En el interior, tres marroquíes de 29, 24 y 22 años se habían instalado tras reventar la puerta de la vivienda. Según relataron posteriormente a la Policía Nacional, les dijeron que llevaban varios días viviendo allí con total tranquilidad, como si se tratara de su propio hogar. Lo que no sabían es que la rápida reacción de los vecinos, alertados por movimientos sospechosos, había activado una intervención inmediata.

Agentes de la Policía Nacional acudieron con urgencia al lugar. La tensión era máxima. Tras acceder al inmueble, se encontraron con los ocupantes atrincherados en la vivienda, defendiendo su presencia con una sorprendente naturalidad.

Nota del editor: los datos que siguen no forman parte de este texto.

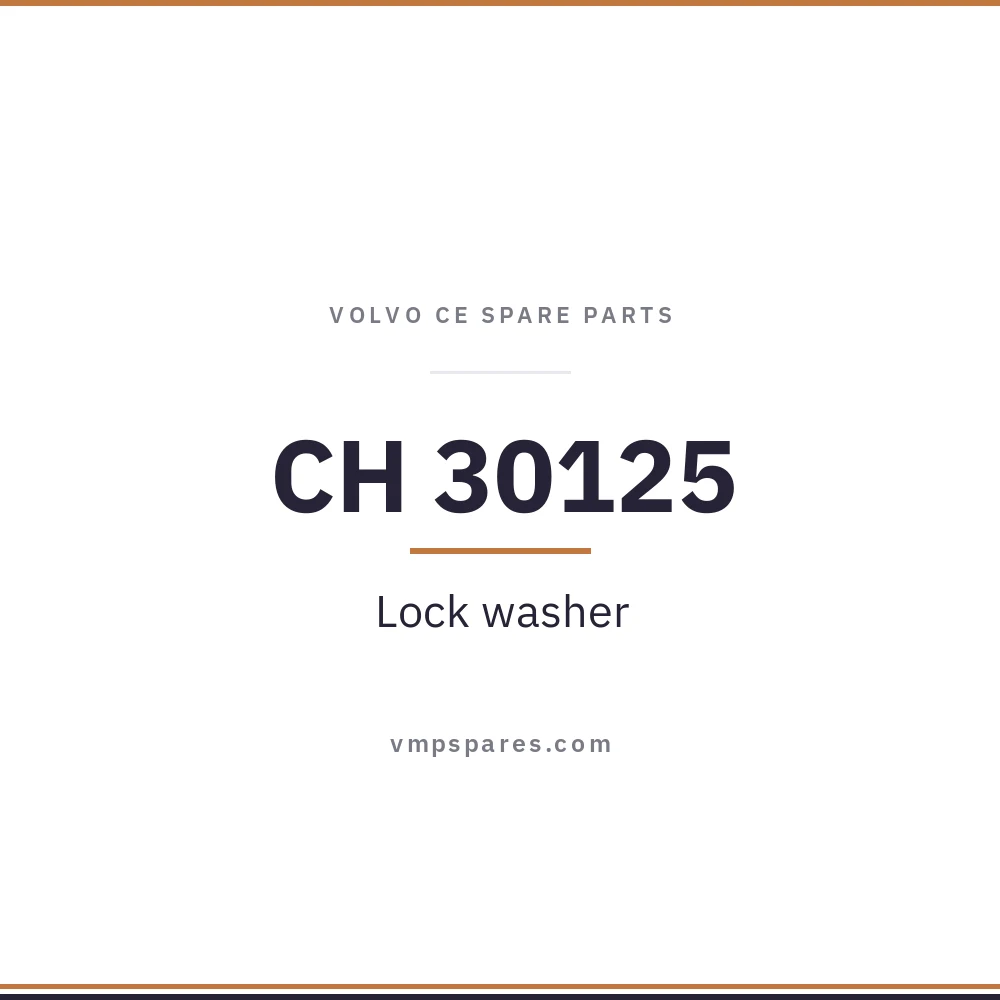 CH 30125 – Lock washer
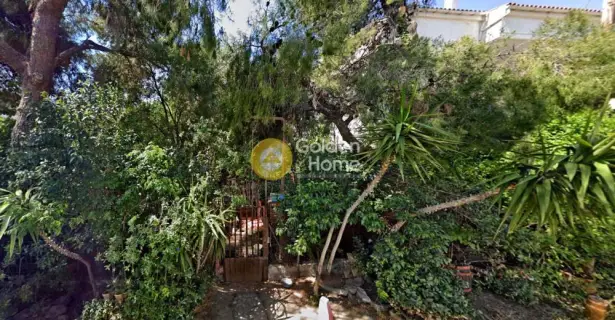 Golden Home Property Image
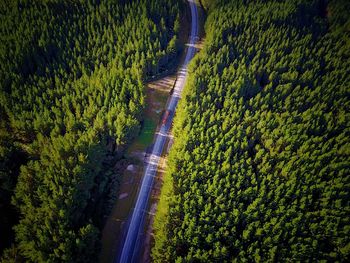 High angle view of road amidst trees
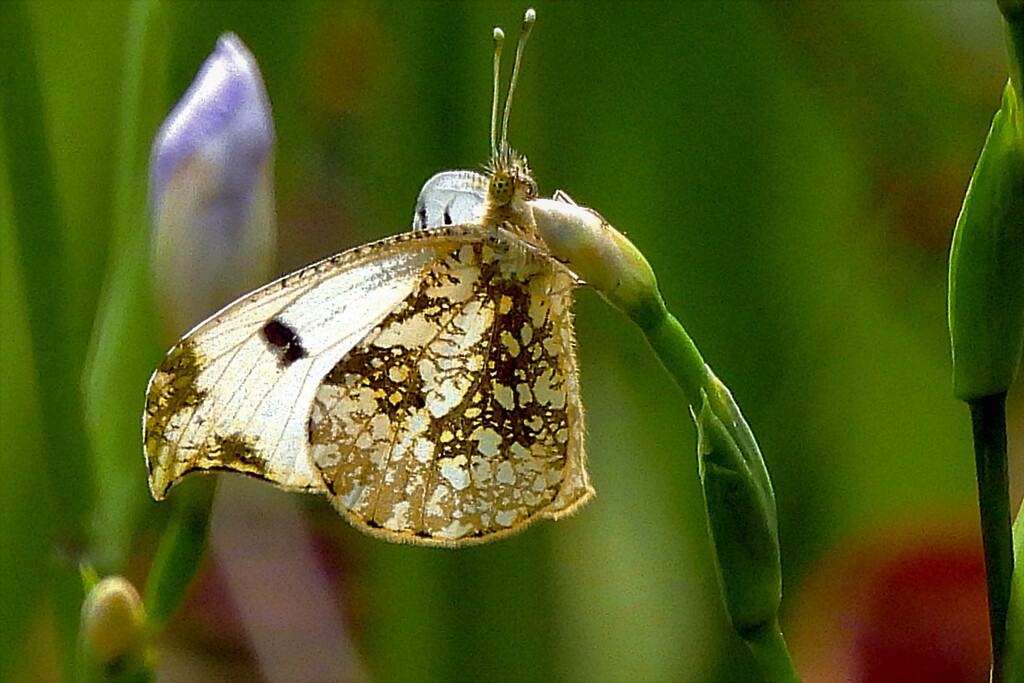 褄黄蝶♀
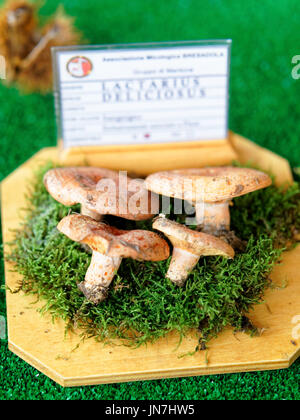 Mantova, Italia - 22 Ottobre 2016: Lactarius deliciosus alla mostra micologica dei funghi a Mantova, Lombardia, Italia Foto Stock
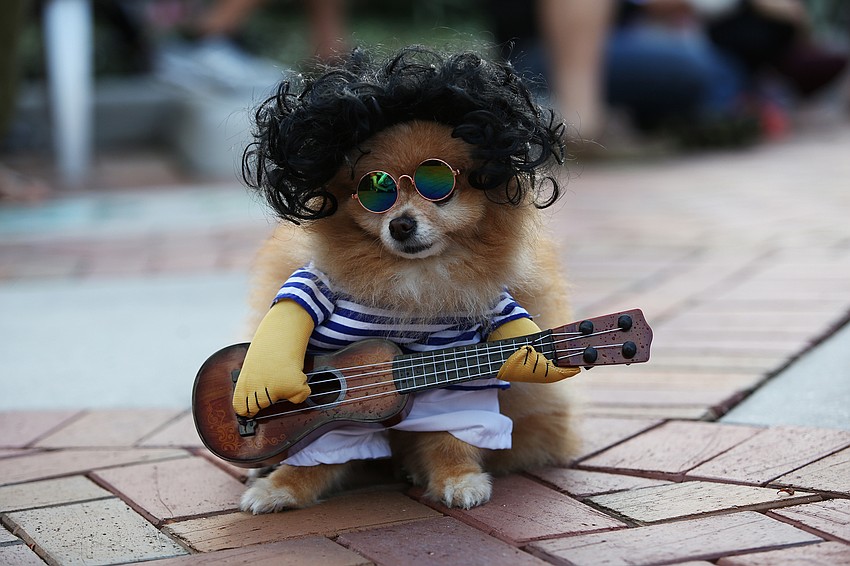 Andi chills as a rock star.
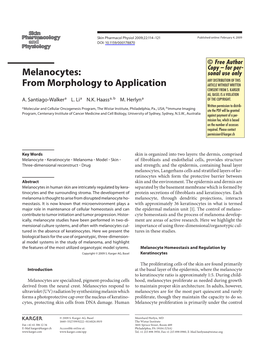 Melanocytes: from Morphology to Application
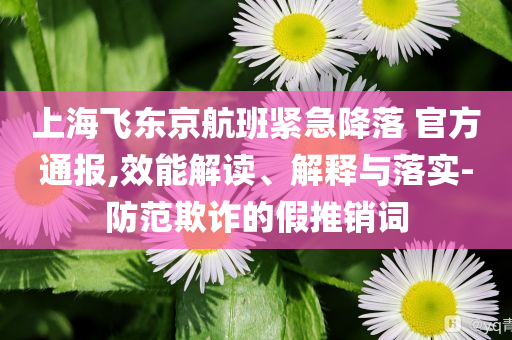 上海飛東京航班緊急降落 官方通報(bào),效能解讀、解釋與落實(shí)-防范欺詐的假推銷詞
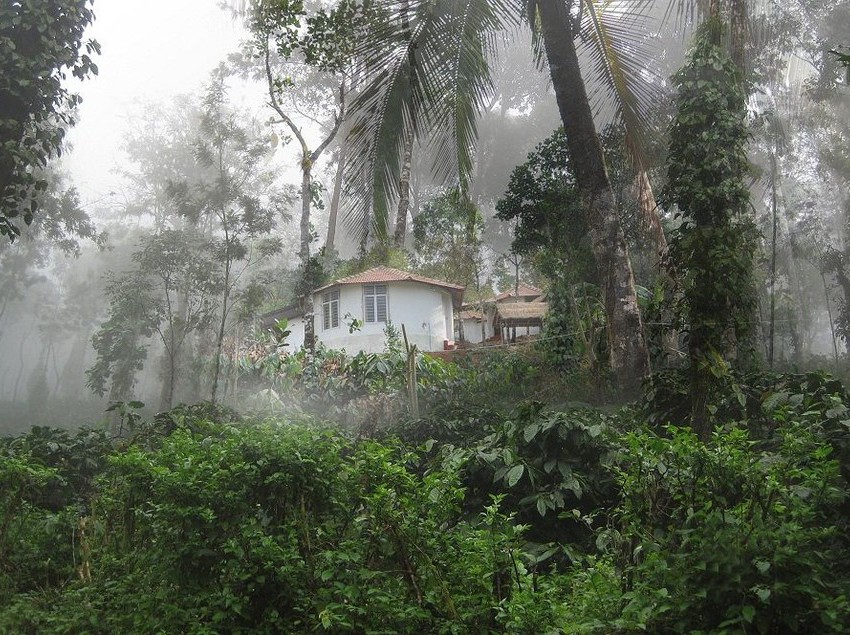 Hotel Yedamakky Cottage Karnataka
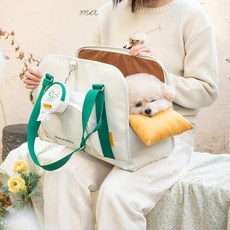 몽모아티 어썸백 반려동물 이동가방 소프트 캐리어, 그린, 1개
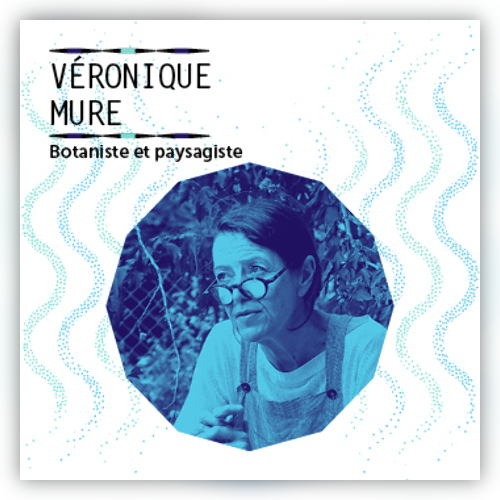 SIMPLE CONFERENCE - Véronique Mure - Cie Lanicolacheur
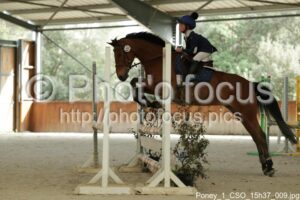 Poney_1_CSO_15h37_009.jpg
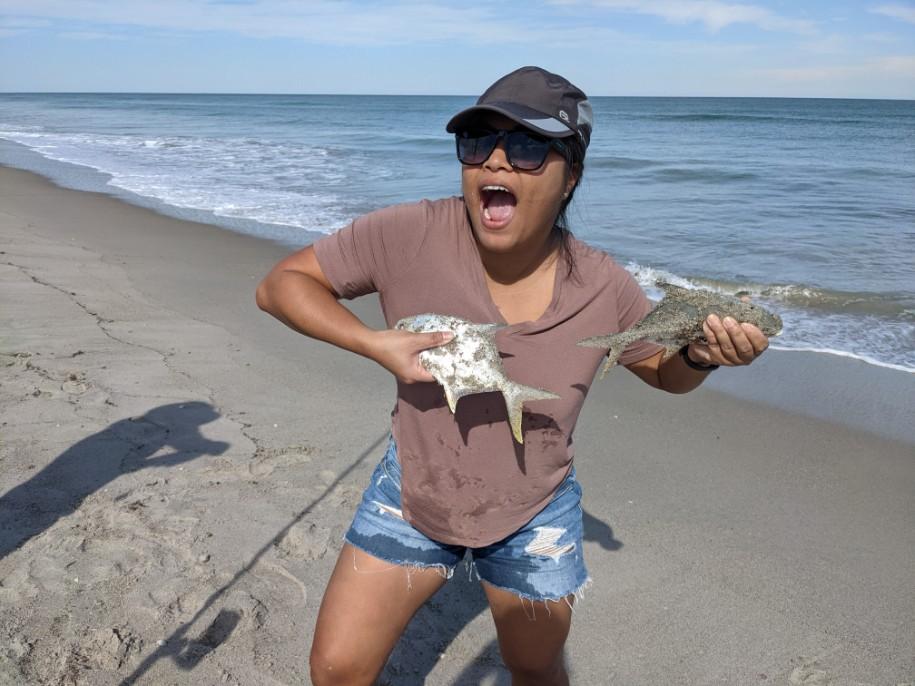 Surf Fishing for Sharks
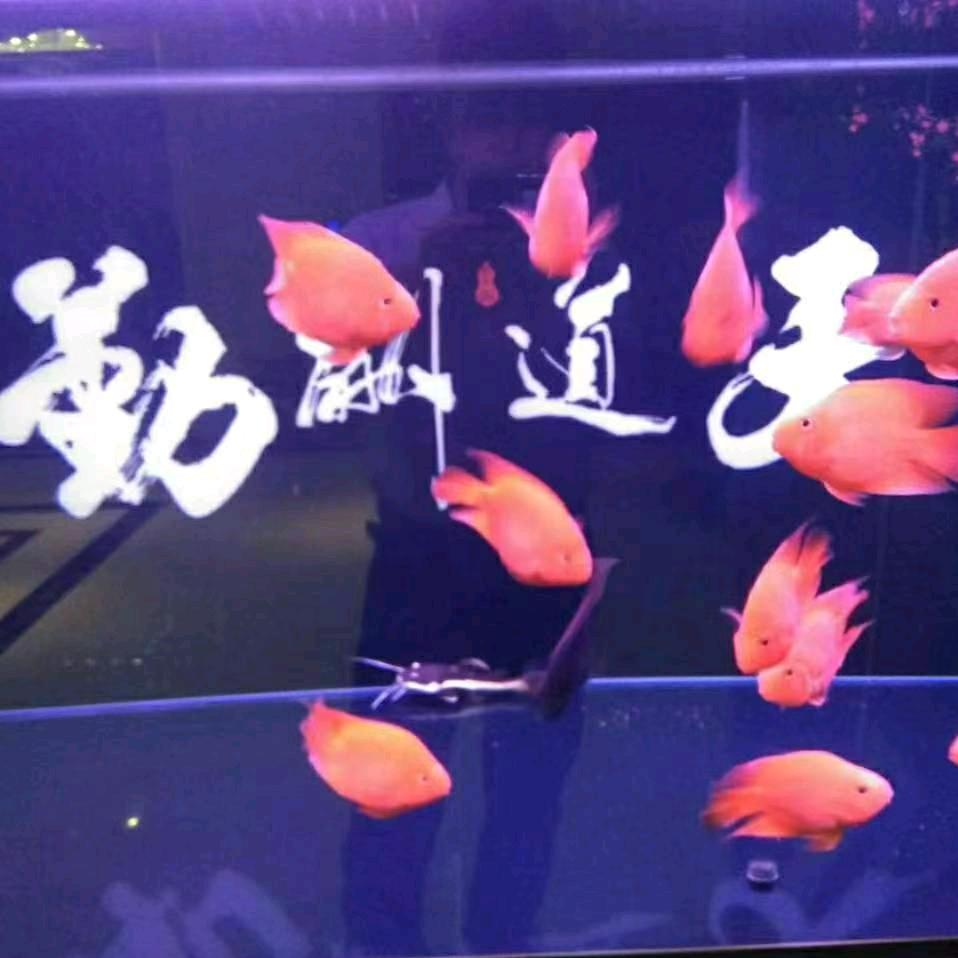 ꧁ღ 渔乐圈 ꧂🐟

Alegaban llevar días dentro, como si eso legitimara una situación que, para los propietarios, era una auténtica pesadilla.

La intervención policial permitió recuperar la vivienda y detener a los tres okupas, como presuntos autores de un delito de allanamiento de morada, una figura especialmente grave cuando se trata de domicilios habitados. Pero el desenlace ha vuelto a encender el debate social: tras pasar a disposición judicial, los detenidos quedaron en libertad con cargos.

Este caso pone sobre la mesa una inquietante evolución del fenómeno de la okupación en España. Ya no se trata únicamente de viviendas vacías o segundas residencias. El salto cualitativo es evidente: los okupas comienzan a irrumpir en casas habitadas, cruzando una línea que multiplica la sensación de inseguridad ciudadana. Vecinos de la zona aseguran que la rapidez policial evitó una situación aún más grave, pero el temor persiste. «Hoy ha sido esta familia, mañana puede ser cualquiera», comentaba un residente visiblemente preocupado.

Mientras tanto, la pregunta queda en el aire: ¿hasta dónde llegará este fenómeno? Porque cuando la puerta de tu casa deja de ser una barrera segura, el problema deja de ser individual y se convierte en colectivo.